Responses to ideological and financial attacks on higher education have been widespread. Students, faculty, and staff have mobilized around the world, not simply to reverse cuts in funding but to rethink along new lines the means and ends of education. For the past half-century, higher education held a privileged place in a larger social compact that promised upward mobility through expanded access to professional credentials. Foreclosing this portal has stood as a cancellation of the future as it was once understood by much of the working and middle class. The message to those who are not already the beneficiaries of increasingly stratified vectors of opportunity is that there is no place for them in the enchanted land once reachable by vessels propelled by winds known as equality and progress.

In distinction to this narrowing optic, the demonstrations and mobilizations responding to recent attacks seek to stir up their own storms of protest. They chart their own course for what the future might be. Due in large part to the expansion of higher education over the past half-century, the university, once the preserve of specialized knowledge that does no more than be for itself, has become a site where activists of various stripes pose the question of what and who education is for. These critical interrogations reflect not simply on the aims of higher education, but on its means as well. They reassemble shards of ruptured disciplinary authority, protocols of expertise that have gone out of service, methods and forms taken up with new feelings, tone, and consequences. The resulting moblizations share with cultural studies the goal of expanding the techniques, objects, and aims of what is worth knowing. They realign the affinities and affiliations by which critical engagement moves in the world.

It is in this spirit that we share in this research thread some exemplary work by an interdisciplinary and geographically-dispersed collective that sought a concrete response to the baleful changes visited upon their campus and its social surroundings. Appropriating the genre of the campus map, graduate students at Queen Mary University London and University of North Carolina Chapel Hill have produced a countermap of the university. Elegant in design, yet multi-purposed, their mapping of alternative uses and critiques takes the form of a poster-sized doubled sided print which locates the university within its larger societal force field (the map’s front side), and stages an arena for playing that field by means of a board game (which appears on the reverse side). In sharp contrast to the political geography of curricula intended to assimilate students to an already settled matter and progress-toward-a-degree, an unproblematic temporal beat measured by accumulated credit-hours, the critical cartographical work of this collective reallocates the energies of their seminars and research to produce alternate forms of knowledge and means for its legitimation.

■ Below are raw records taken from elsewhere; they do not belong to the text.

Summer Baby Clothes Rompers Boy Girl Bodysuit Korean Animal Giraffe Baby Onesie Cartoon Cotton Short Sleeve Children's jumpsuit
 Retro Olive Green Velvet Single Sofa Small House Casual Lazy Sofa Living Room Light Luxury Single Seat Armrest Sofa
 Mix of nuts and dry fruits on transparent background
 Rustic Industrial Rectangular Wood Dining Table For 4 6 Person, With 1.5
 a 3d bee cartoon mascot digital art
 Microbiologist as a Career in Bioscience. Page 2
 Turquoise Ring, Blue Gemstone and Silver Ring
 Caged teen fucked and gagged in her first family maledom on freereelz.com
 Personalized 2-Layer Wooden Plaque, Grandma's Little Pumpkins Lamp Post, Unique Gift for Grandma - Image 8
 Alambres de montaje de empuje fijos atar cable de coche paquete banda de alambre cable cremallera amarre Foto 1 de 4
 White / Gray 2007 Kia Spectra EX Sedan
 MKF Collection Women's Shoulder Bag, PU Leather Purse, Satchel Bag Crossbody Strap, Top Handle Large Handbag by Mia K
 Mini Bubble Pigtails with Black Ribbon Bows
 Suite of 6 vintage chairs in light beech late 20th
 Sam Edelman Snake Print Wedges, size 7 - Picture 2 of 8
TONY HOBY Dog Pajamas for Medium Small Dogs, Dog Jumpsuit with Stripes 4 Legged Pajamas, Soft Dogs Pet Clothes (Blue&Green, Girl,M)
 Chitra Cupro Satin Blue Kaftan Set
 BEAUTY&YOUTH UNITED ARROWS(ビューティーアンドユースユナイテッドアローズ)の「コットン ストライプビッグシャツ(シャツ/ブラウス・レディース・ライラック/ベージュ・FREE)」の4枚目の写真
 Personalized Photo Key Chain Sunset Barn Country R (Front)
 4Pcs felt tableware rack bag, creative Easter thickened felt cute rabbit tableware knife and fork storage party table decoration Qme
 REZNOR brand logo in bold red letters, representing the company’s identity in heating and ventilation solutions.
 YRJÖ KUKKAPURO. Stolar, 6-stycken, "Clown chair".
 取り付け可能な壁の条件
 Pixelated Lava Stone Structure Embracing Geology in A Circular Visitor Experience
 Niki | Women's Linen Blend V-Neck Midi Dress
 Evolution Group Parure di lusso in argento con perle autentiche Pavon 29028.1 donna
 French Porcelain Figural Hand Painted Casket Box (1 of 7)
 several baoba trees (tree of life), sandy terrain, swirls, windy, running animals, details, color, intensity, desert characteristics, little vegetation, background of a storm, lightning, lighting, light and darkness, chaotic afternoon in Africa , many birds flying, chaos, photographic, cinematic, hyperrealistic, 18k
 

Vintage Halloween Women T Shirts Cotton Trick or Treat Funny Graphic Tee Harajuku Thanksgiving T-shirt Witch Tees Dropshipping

At once serious and playful, the work of this counter-mapping opens a range of political and pedagogical timbres through which the apparent fixity of the present is rendered fungible and the tone of response multiple. A variety of futures and possible courses of action can be imagined and explored in the present, both inside and outside of the classroom. At once strategic and tactical, practical and conceptual, focused and elastic, the composite map and game provide a political technology by which the boundaries that define the present limits of the possible might be redrawn. Both the artifact and the interview below invite response across a wide array of media, including related contributions to this thread of Lateral. As co-editors of the thread, we hope that you will join this conversation and mobilization. Please do contact us with your commentaries and interventions. Our hope is that this example can be set in relation to others that are being devised in the midst of this vital contestation.

Bruce Burgett, University of Washington Bothell
Randy Martin, New York University


Interview with the Queen Mary Countermapping Collective

Manuela Zechner - Tim Stallmann - Maria Catalina Bejarano Soto - Liz Mason-Deese

Rakhee Kewada - Bue Rübner Hansen - Mara Ferreri - Camille Barbagallo

What was the process you undertook to create the map?

For some of us the process started with a reflection on the question of 'what is the university?' during a PhD seminar. Taking this question and thinking through the materiality of how we inhabit the university, we found ourselves in our first years of yet another degree in yet another institution, tired of what the neo-liberal university makes us be and do and urgently desiring a collective place and practice within it. We dodged PhD writing and seminar coursework by proposing a collective process of making a countermap. From the outset we hoped that the process would allow us to engage with the university in a more collective, inspiring and transformative way.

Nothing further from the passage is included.